Sim cá estaremos todos de olhos arregalados para ver a nova realidade.

 

Os números indicam que o eleitorado português está com vontade de romper com este ping-pong alternativo entre o PSD e o PS, que tem caraterizado, mais para o mal do que para o bem, a democracia portuguesa. O declínio do bipartidismo é já uma realidade clara.

 

Ao longo da campanha eleitoral foi sobretudo evidente o crescimento significativo dos candidatos independentes. Dissidentes ou não dos partidos (e quem não foi militante ou simpatizante de um partido que atire a primeira pedra), pouco importa, serviram de ninho para muito do descontentamento face, principalmente, aos aparelhos partidários.

 

Os independentes, nestas eleições, conquistaram conjuntamente 344 mil votos.

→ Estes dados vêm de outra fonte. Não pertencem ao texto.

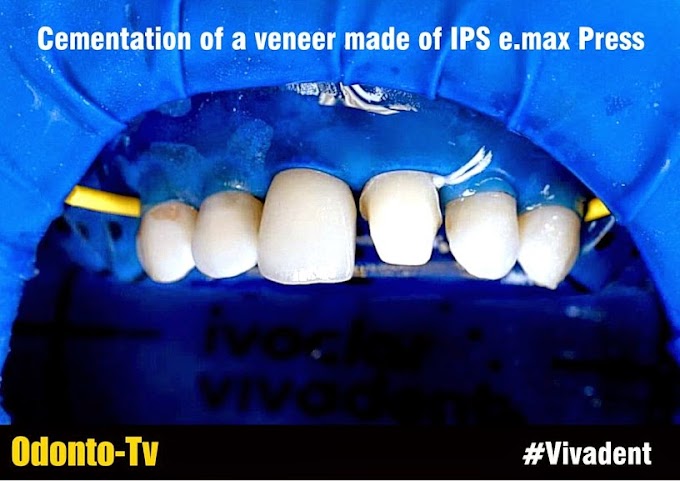 Variolink Esthetic LC: Cementation of a veneer made of IPS e.max Press - Vivadent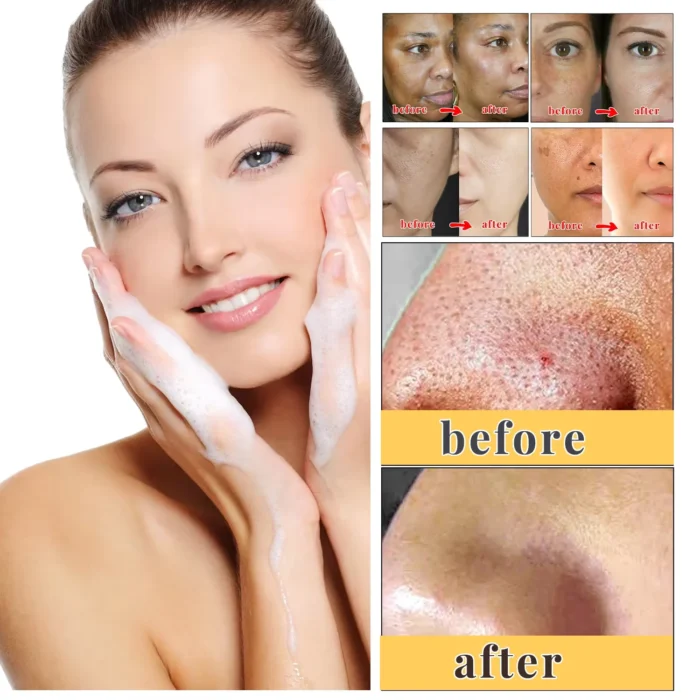 Body Whitening Soap Deep Clean Skin Chicken - Image 6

Mais 120 mil do que há quatro anos atrás. E os votos brancos e nulos subiram de 3% para 7%. O que significa que estamos perante um indicador de descontentamento perfeitamente lúcido e disposto a manifestar-se.

 

O fenómeno crescente da corrupção, da austeridade e da desorganização social, explica em grande parte a atual crise. Se a isto juntarmos o aparelhismo que tomou conta dos partidos, o terreno está fecundo para o surgimento de algo novo. Se será bom ou mau, logo se verá. Mas uma coisa é certa, e por isso não me canso de a repetir: quando toda a coragem é necessária, toda a esperança é legítima.